Falend toezicht is de reden tot vernieuwing waarbij de informatiepositie moet verbeteren. Een netcentrische werkwijze en digitale trends maken dit mogelijk.
Netcentrisch toezicht: het toezicht van de toekomst
Hoe kan het dat, na het verlenen van een vergunning, alsnog een raffinaderij ontploft? Of een monstertruck het publiek in rijdt? In de media zijn talloze voorbeelden te vinden van incidenten of evenementen die verkeerd aflopen of toeslagen en uitkeringen die onterecht zijn verleend, terwijl op papier alles in orde lijkt. Dit leidt tot vragen van burgers, politiek en journalisten, zoals:
Waarom had het bedrijf of persoon deze vergunning?
Dit soort voorbeelden onderstrepen de noodzaak van modernisering van het huidige toezicht van de overheid. Het blijkt niet effectief om als overheid sec te vertrouwen op de juiste aangifte van een burger of op een rapport over de veiligheid van een bedrijf. Als in het administratieve proces alle seinen op groen staan, betekent dat nog niet dat de veiligheid of rechtmatigheid gegarandeerd is. De overheid handelt te vaak op basis van een papieren (of digitale) schijnwerkelijkheid.

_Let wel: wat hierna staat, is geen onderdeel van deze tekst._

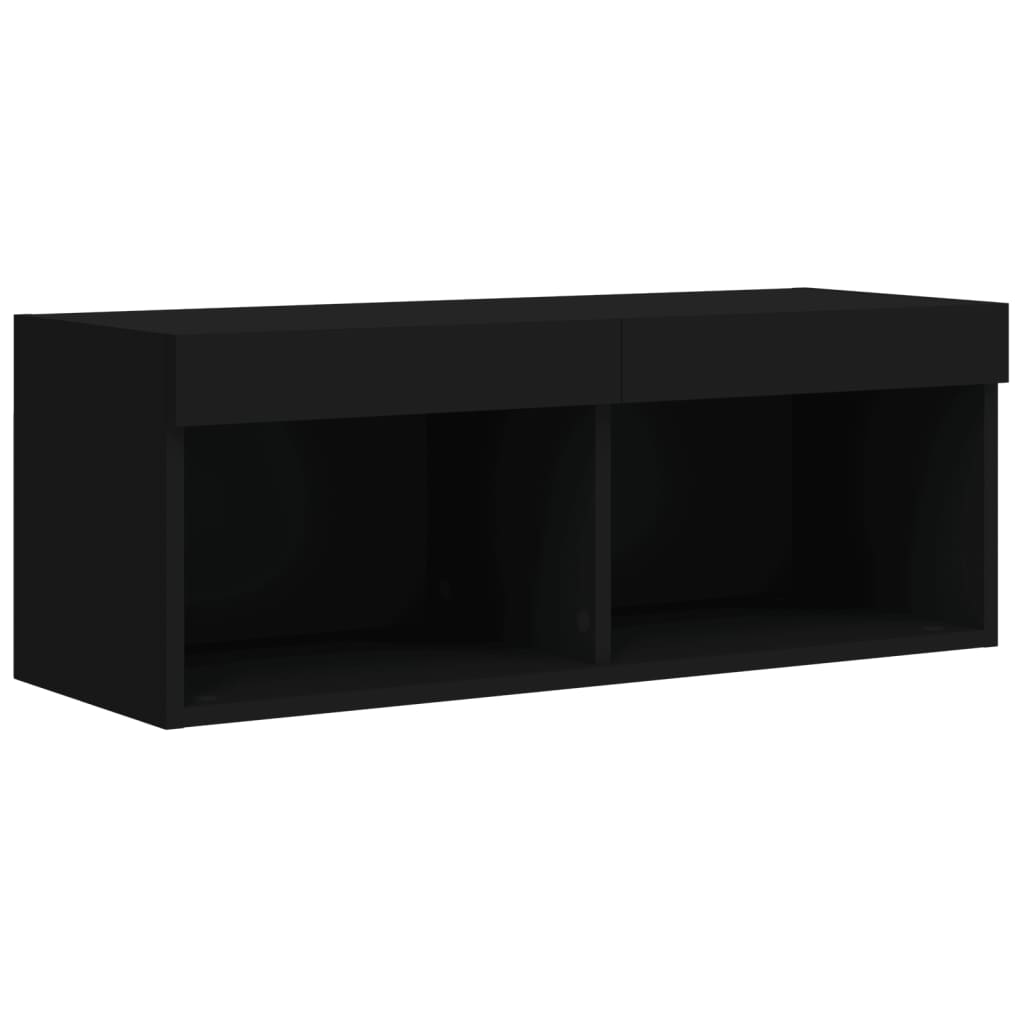 TV Wandmeubel – TV Meubel – Wandkast – TV Kast – Zwevend Meubel – RGB LED Verlichting – Hoogwaardig Houtmateriaal – Zwart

We zien een parallel met fraudebestrijding. Er ontstaan steeds geraffineerdere fraudevormen waarbij het voor de toezichthouder administratief lijkt dat elke transactie of gebeurtenis op zichzelf rechtmatig is. Pas bij controles of inspecties achteraf, waarbij meer data worden vergeleken en contra-informatie wordt geraadpleegd, blijkt dat er sprake was van een samenstel van handelingen (samenspanning) in een keten die tot doel hadden de overheid te benadelen.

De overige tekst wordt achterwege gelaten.